The data.
● ● ● ●
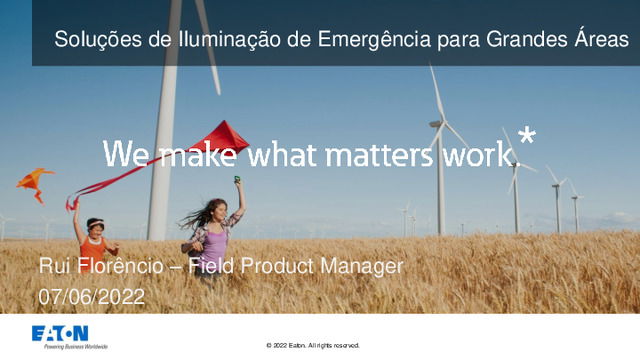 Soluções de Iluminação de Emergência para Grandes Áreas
● ● ● ●
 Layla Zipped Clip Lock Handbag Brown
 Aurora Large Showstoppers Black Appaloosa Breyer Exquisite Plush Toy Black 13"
● ● ● ●
What the exercise asks. Repeat, character for character, the lines of the material above from the line with "Layla Zipped Clip Lock Handbag Brown" through the line with "Aurora Large Showstoppers".

Solution for this exercise.
 Layla Zipped Clip Lock Handbag Brown
 Aurora Large Showstoppers Black Appaloosa Breyer Exquisite Plush Toy Black 13"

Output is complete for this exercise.